Für einen Mastering Engineer ist jeder Song wie ein kleines Kind: Man möchte es wohlbehütet, gut erzogen und nur mit den besten Eigenschaften hinaus in die große weite Welt schicken. Leider kollidiert dieses Ideal in der Regel mit den realen Anforderungen und Wünschen der Kunden und Käufer.
Ein durchschnittliches, professionelles Studio arbeitet unter Zeitdruck, muss bei teils mäßiger Bezahlung ein Top Produkt abgeben, das dem aktuellen Trend entspricht und trotz enormer Lautheit noch anhörbar ist.
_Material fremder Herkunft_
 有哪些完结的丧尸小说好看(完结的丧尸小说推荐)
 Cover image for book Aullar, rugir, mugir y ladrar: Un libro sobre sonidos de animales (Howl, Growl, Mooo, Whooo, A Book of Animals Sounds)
Zudem wird Musik immer seltener bewusst, als viel mehr nebenbei auf qualitativ fraglichen Abhören konsumiert und setzt damit ganz andere Ansprüche. In anderen Worten: Selbstverwirklichung und große Kunst weichen Kompromissen und mittelmäßigen Ergebnissen.
Kampf gegen Windmühlen
Die bisherigen Bemühungen namhafter Studios und Engineers, gegen schlechten Sound und vor allem den Loudness War anzukämpfen, verpufften erfolglos. Wer es dem Kunden nicht recht macht, darf sich nach neuen Auftraggebern umschauen, denn immer gibt es einen, der seinen Namen und sein Gewissen für weniger Geld und mehr Lautheit verkauft.
Selbst Jazz- und Klassikkünstler greifen durch den allgemeinen Druck nicht immer zur klanglich besseren, sondern oft lauteren Version. Am Anfang ist es nur ein bisschen Kompressor auf Mozarts Violinkonzert, ein paar Jahre später folgen Dampfhammer wie Limiter und Maximizer.
Fazit
Mastering als Königsdisziplin und letzte Bastion gegen schlechten Sound hat schon lange die weiße Flagge gehisst und den Kompromissen die Seiteneingänge geöffnet. Dennoch sollten wir nicht aufgeben und jede Chance nutzen, gerade bei eigenen Produktionen die sich keinerlei externen Zwängen unterwerfen müssen. Riskiere lieber mehr Luftigkeit und Dynamik anstelle hoher Lautheit und gehe lieber den Schritt zurück zum Mixdown oder gar zum Recording, als eine Notlösung im Mastering. Ein paar Beispiele zur Inspiration wie etwas klingen kann und sollte, liefert zum Beispiel Mastering Engineer Bob Katz’s in der „Honor Roll“.